Friday, June 24, 2005

Brand Disloyalty



More on this later.

I've written a bunch of times in the past year about how ridiculous our American society has become. Along with most other advanced, industrial countries, when it comes to consuming, we've become a lot like a bunch of bees at a Sunday picnic -- all spinning around crazily as we fly toward the person with the jar of honey.

You can hardly go anywhere without seeing a logo or a mark or an ad. People walk around wearing clothes with other peoples' names on them: "Donna", "Tommy", and "Paris". So much for the days when your mom stitched your name into the collar.

We watch commercials with real actors pretending to be real people feeling common feelings dreamt up in a room by a bunch of ad execs and tested against folks like you and me who sit behind one-way mirrors while market researchers quantify and qualify their answers.

Billboards on the road, 30 pages of ads in a 40 page magazine, commercials above the urinals in the men's room. Sometimes it all seems like a bit much doesn't it?

I used to belong to a gym that perpetuated this way of life. The women all wore the same type of workout clothes (which wasn't entirely a bad thing), the TVs were all set to CNBC or the Fox News Channel, the bathrooms all had ads for some hair care product. Believe it or not, I grew a bit tired of this show -- decided that I needed to strike out a little and exercise in peace; because that's what exercise is supposed to be: a break -- not another place to be sold -- and if, like me, you don't have the time to get out and surf or ride a bike of hill, you take the best you can get.

So I joined a small gym in West L.A. Kinda short hours, showers out of a Danish motel, hand-written sign in sheet and hardly any people. Just good machines and plenty of room. I'll tell you how much I like it. Last weekend I go in to get my heart going above it's normal stagnant rate and work my biceps into rock-hard chicken wings. I'm sitting at one of the machines between sets, listening to "Mr. Jones" by the Talking Heads, when "E", the owner walks in.

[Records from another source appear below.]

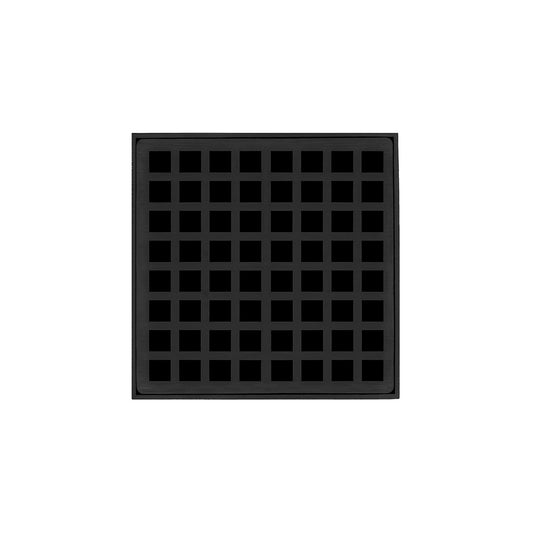 Infinity Drain Q 5 5" X 5" Center Drain with Squares Pattern Decorative Plate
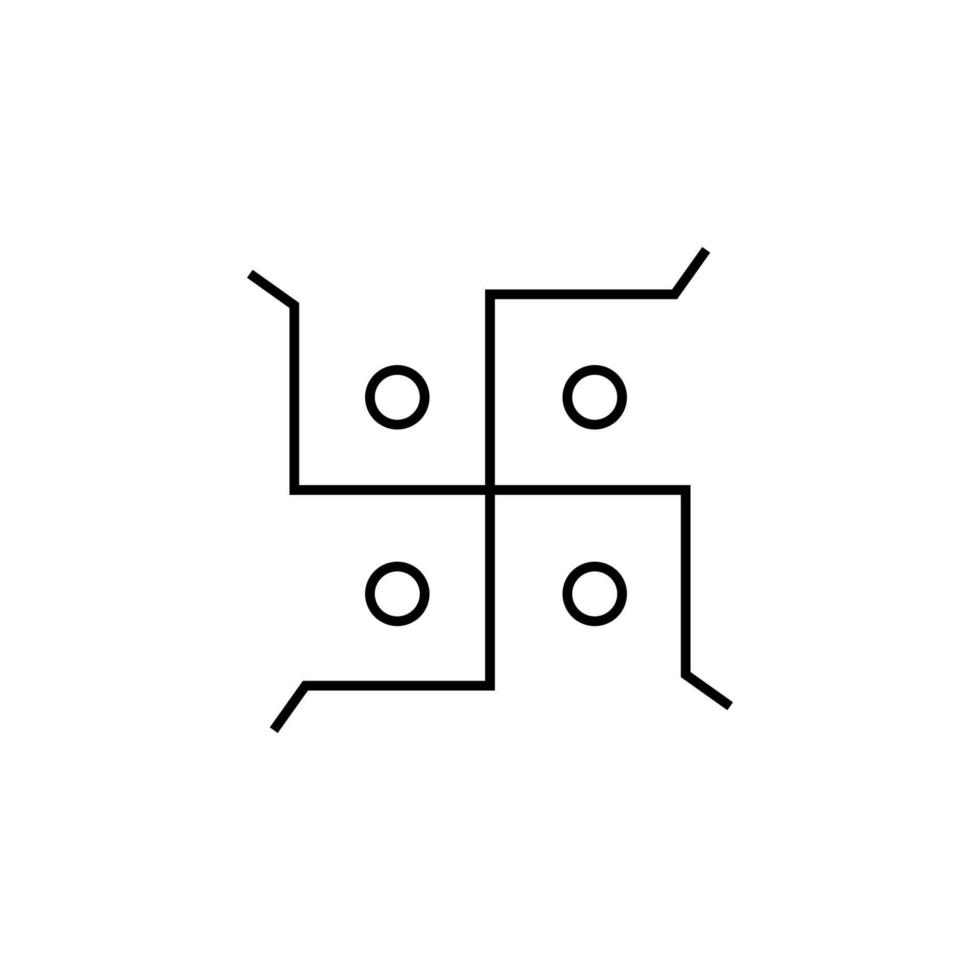 Jainism outline vector icon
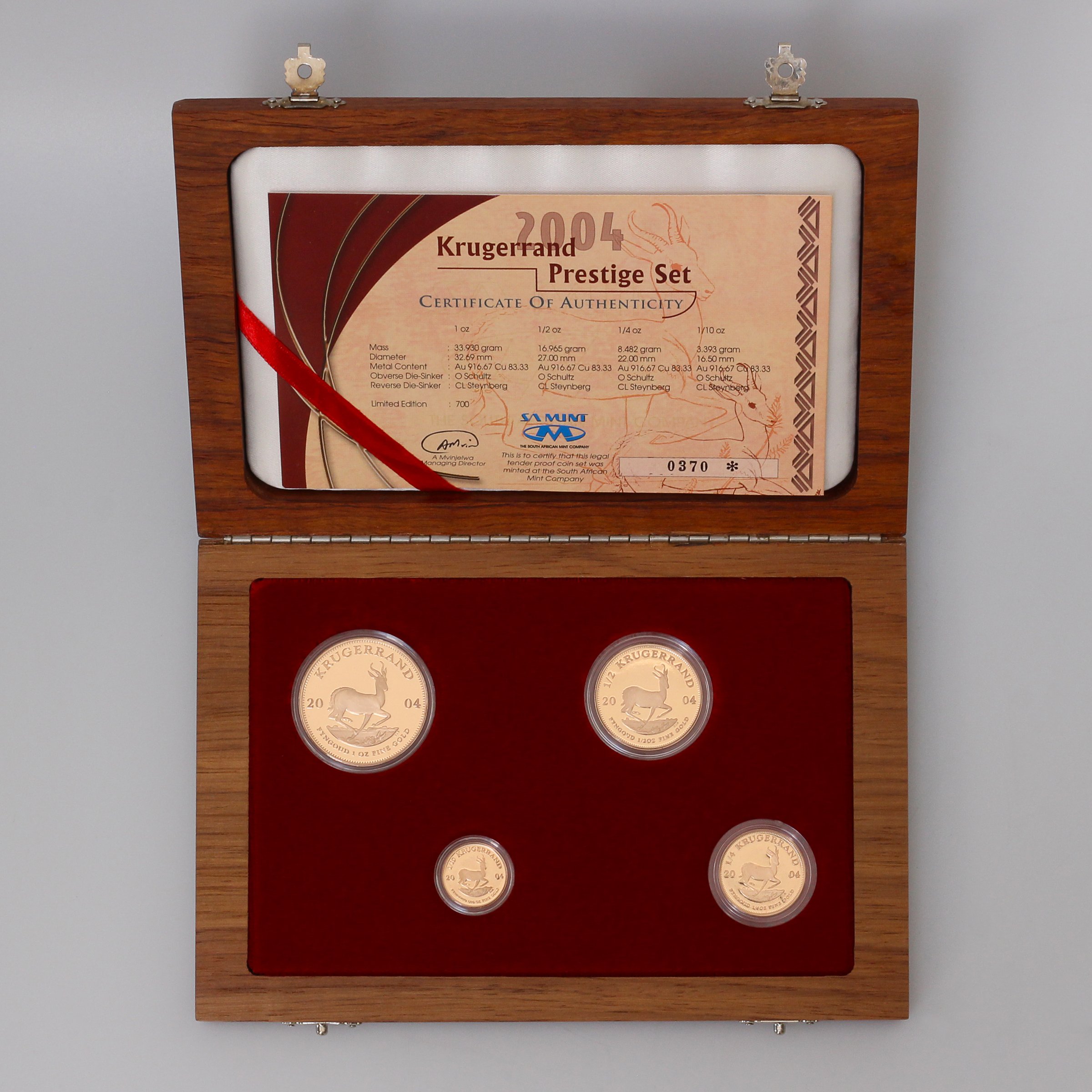 Goldmünzen 4 x "Krügerrand" 2004 (PP) Prestige Set – 4-teilig (Südafrika) - Detailansicht 1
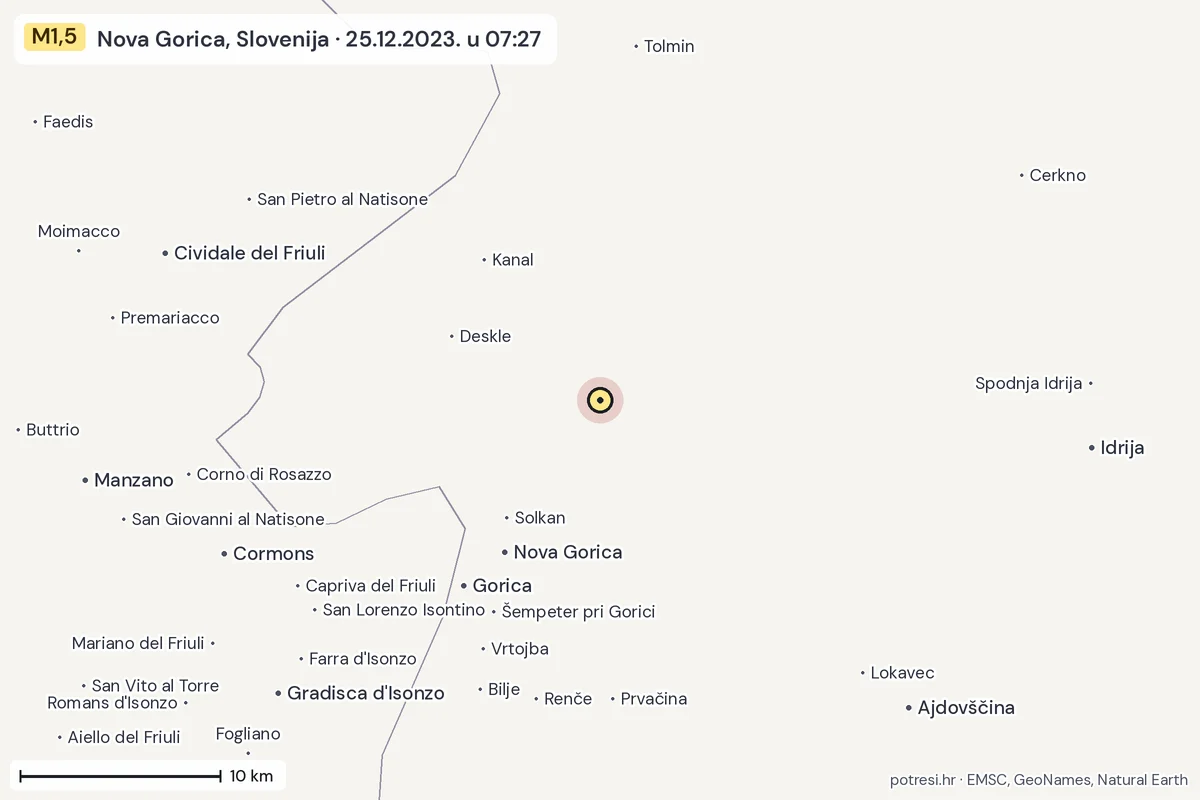 Karta: okolica epicentra, 60 km, potres M1,5, Nova Gorica, Slovenija, 25.12.2023.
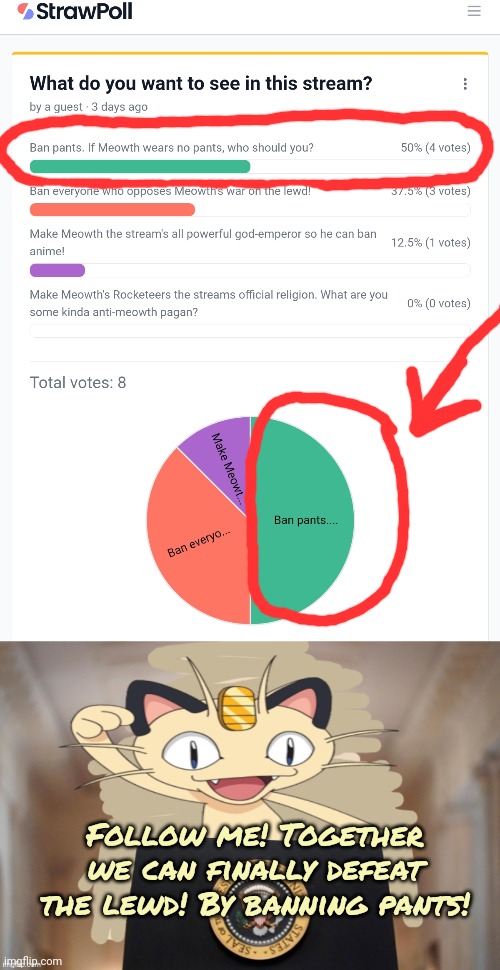 Bill upcoming! Vote to end the lewd! | Follow me! Together we can finally defeat the lewd! By banning pants! | image tagged in meowth party,end the,lewdness of pants,meowth is your golly now | made w/ Imgflip meme maker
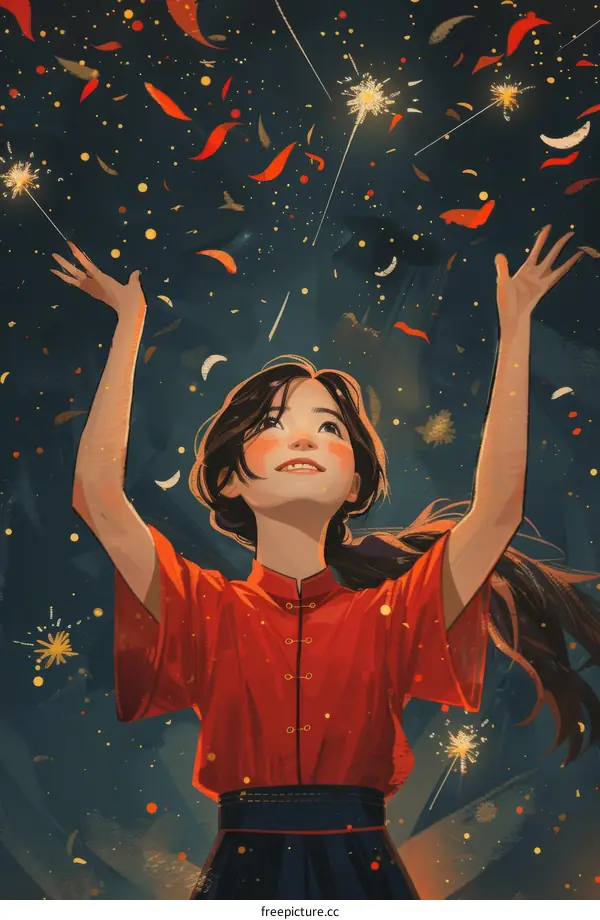 A girl is celebrating the Chinese New Year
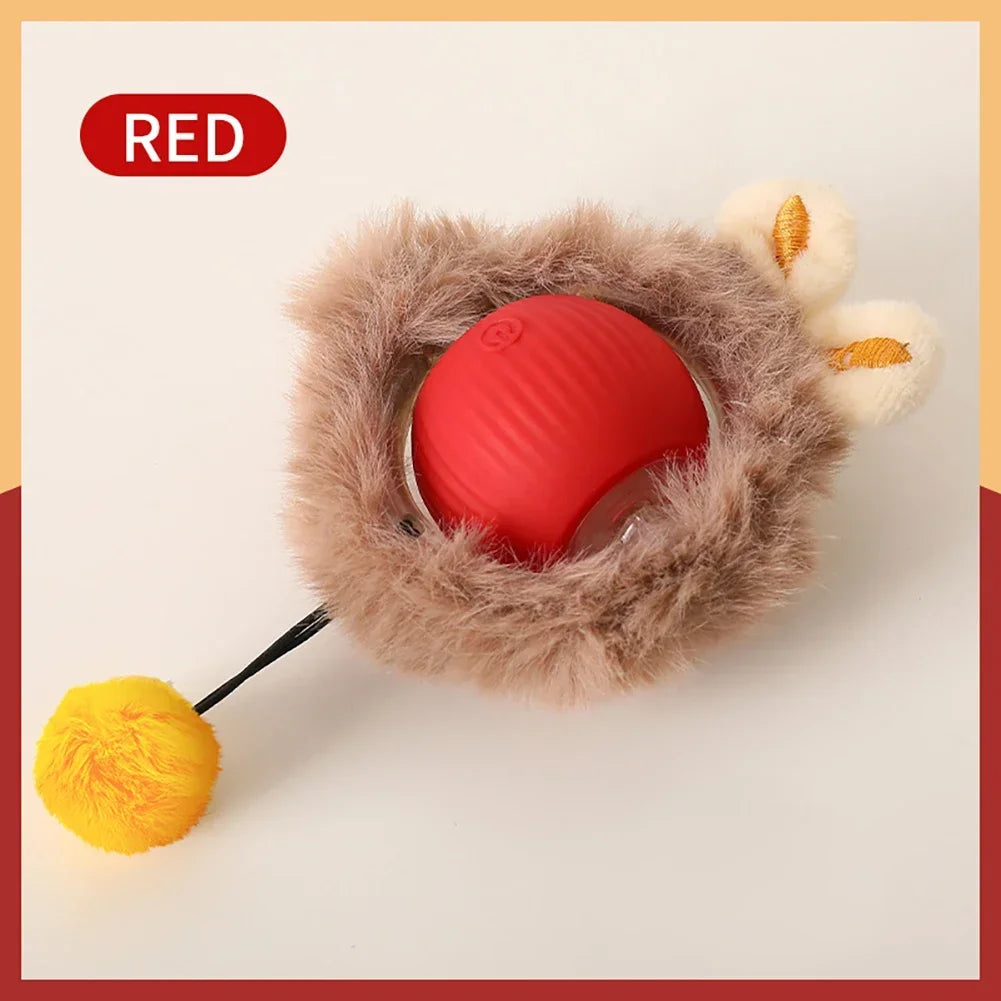 Cat Interactive Ball Toys Automatic Rolling Ball Faux Tail Rechargeable Smart Pet Electric Toy Dog Cat Training Imitate Mouse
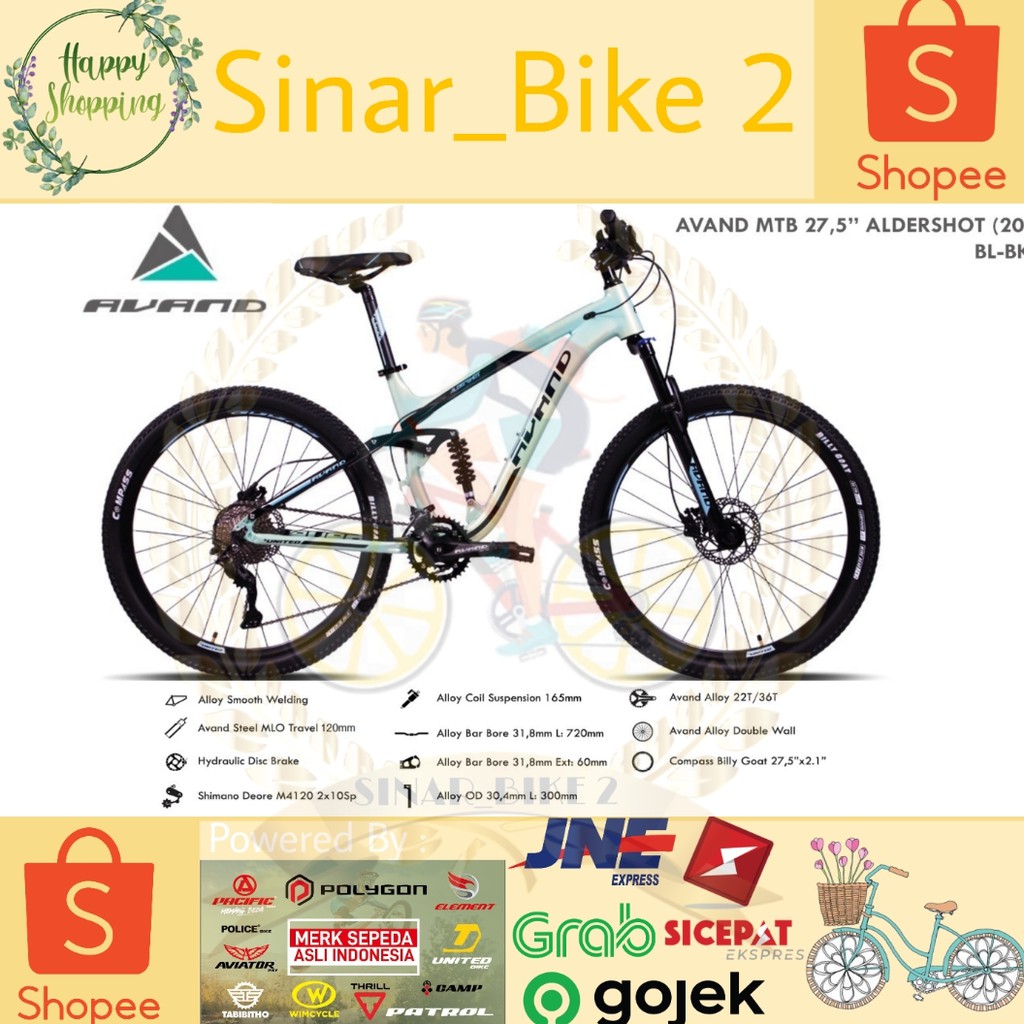 Sepeda Gunung 27,5Inch Mtb Avand Aldershot Full Suspensi By United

E is a funny guy. I'm not exactly sure what country he's from but he's got a kind of Fabio thing going -- long hair, baggy linen shirts, confident stride -- only problem is he's not as tall and he's not blonde (is Fabio really or is the rug a different color?) E likes to come into the office and turn bad disco or easy listening on the gym's stereo system. Today E's wearing a brown suede jacket with those little tassle thingies on it. He walks in, unlocks his office and comes out a few seconds later wearing a red tank-top and white shorts ala Richard Simmons, walks past me (I give him the standard guy head-nod of acknowledgement) and disappears into the back of the gym as I start my next set.

I'm resting after the set and I see E out of the corner of my eye, pulling one of those huge Life Cycle exercise machines across the carpet. I'm thinking he's re-decorating. He pulls the thing for 130 feet, right past me. I'm thinking this is some strange form of Fabionic exercise. He parks the thing right in front of the TV suspended from the ceiling, puts his hair in a ponytail and changes the channel to VH1, which is, at that moment, playing "Separate Ways" by Journey. (See, I told you I would get to it). He gets on the bike, oblivious to the rest of the people around him and starts pedaling his way back to the 70's.

It makes me smile. Thank God for people like E. They remind me that what's most important is not what all the other bees like, it's what I like. I define what I want and what I need. It's my picnic.